De acordo com o advogado que representa o grupo de psicólogos que moveram a ação favorável ao entendimento de que a homossexualidade é uma doença, a “cura gay” estaria orientada a tratar pacientes diagnosticados por sua orientação sexual egodistônica. Para conduzir a uma resolução do tratamento, essas terapias não levariam o paciente a investigar as causas de sua resistência diante de sua orientação sexual. O objetivo da Terapia de Reversão Sexual seria preservar os mecanismos de defesa (vergonha, pudor, moral), mas alterar a orientação sexual, reduzindo ou mesmo eliminando o conflito do paciente com sua orientação sexual.

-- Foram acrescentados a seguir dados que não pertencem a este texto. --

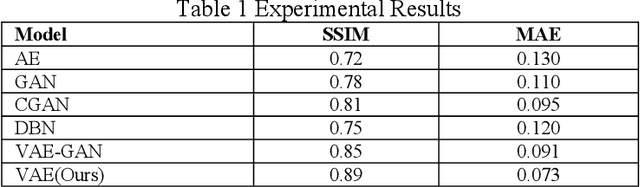 Figure 2 for Dynamic User Interface Generation for Enhanced Human-Computer Interaction Using Variational Autoencoders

Não sejamos tão ingênuos. A Terapia de Reversão Sexual não está interessada em tratar pacientes diagnosticados por sua orientação sexual egodistônica. Essa pseudoterapia está voltada somente a pacientes homossexuais (não nos esqueçamos: “cura gay”). Essa exclusividade ocorre porque essa suposta técnica terapêutica não possui nenhum compromisso com o paciente, e sim com valores morais e religiosos. Seu objetivo é o ajustamento da orientação sexual do indivíduo a determinadas normas morais e religiosas.

Suponhamos que a Terapia de Reversão Sexual estivesse, de fato, voltada a todo e qualquer paciente diagnosticado por sua orientação sexual egodistônica, e não somente aos homossexuais. Nessas condições, deveríamos conceder-lhe crédito? Não. Toda terapia que estiver voltada ao ajustamento do indivíduo a normas morais deve ser abandonada.

O advogado argumenta que essa terapia seria orientada somente àqueles pacientes que não nasceram homossexuais, mas que se tornaram homossexuais por causa de experiências traumáticas. Existe, aqui, um grande equívoco. E por dois motivos.

Em primeiro lugar, ninguém nasce homossexual ou heterossexual, mas todos nascemos potencialmente bissexuais. A orientação sexual não é determinada por fatores biológicos, por caracteres genéticos, mas é elaborada principalmente logo nos primeiros anos de vida. Apesar dessa elaboração aparentemente precoce, a orientação sexual predominante de uma pessoa pode se manifestar somente na fase adulta. Ainda pode ocorrer de uma pessoa transitar entre duas ou mais orientações ao longo de sua existência. A orientação sexual de cada indivíduo, portanto, está intimamente atrelada ao desenvolvimento de sua sexualidade, principalmente em sua infância.

Em segundo lugar, não se altera arbitrariamente a orientação sexual de ninguém. Não consumar um encontro sexual não significa dizer que não há o desejo de consumar esse encontro. Privar uma pessoa de realizar seu encontro amoroso não elimina seu desejo, mas pode levá-la a realizar esse desejo por outros meios: por meio de sintomas, por meio do adoecimento.

Ainda de acordo com o grupo de psicólogos, o objetivo de permitir a suposta “cura gay” é incentivar a pesquisa no âmbito das ciências psicológicas. No entanto, esses psicólogos incorrem em uma grave petição de princípio, ou seja, estabelecem como princípio de seu raciocínio justamente a sua conclusão. Aquilo que deveria ser provado somente ao fim de sua argumentação ou de sua pesquisa é tomado como premissa de toda a investigação. Isso quer dizer que, de acordo com esses psicólogos, tratar a homossexualidade como doença é fundamental para, ao fim de um tratamento pseudopsicológico, provar que a homossexualidade é uma doença. Mas por que eu precisaria provar que a homossexualidade é uma doença se já tenho a convicção que a homossexualidade é uma doença? Da mesma forma, como posso utilizar como argumento aquilo mesmo que eu quero provar? Enfim, uma constelação de erros.

Como vocês podem notar, nenhum dos argumentos que supostamente deveriam fundamentar a famigerada “cura gay” é sólido o suficiente. A “cura gay”, portanto, nada mais é do que pseudociência. Valores morais e religiosos que, ardilosa e deliberadamente, manipulam conceitos estabelecidos para alcançar seus fins particulares.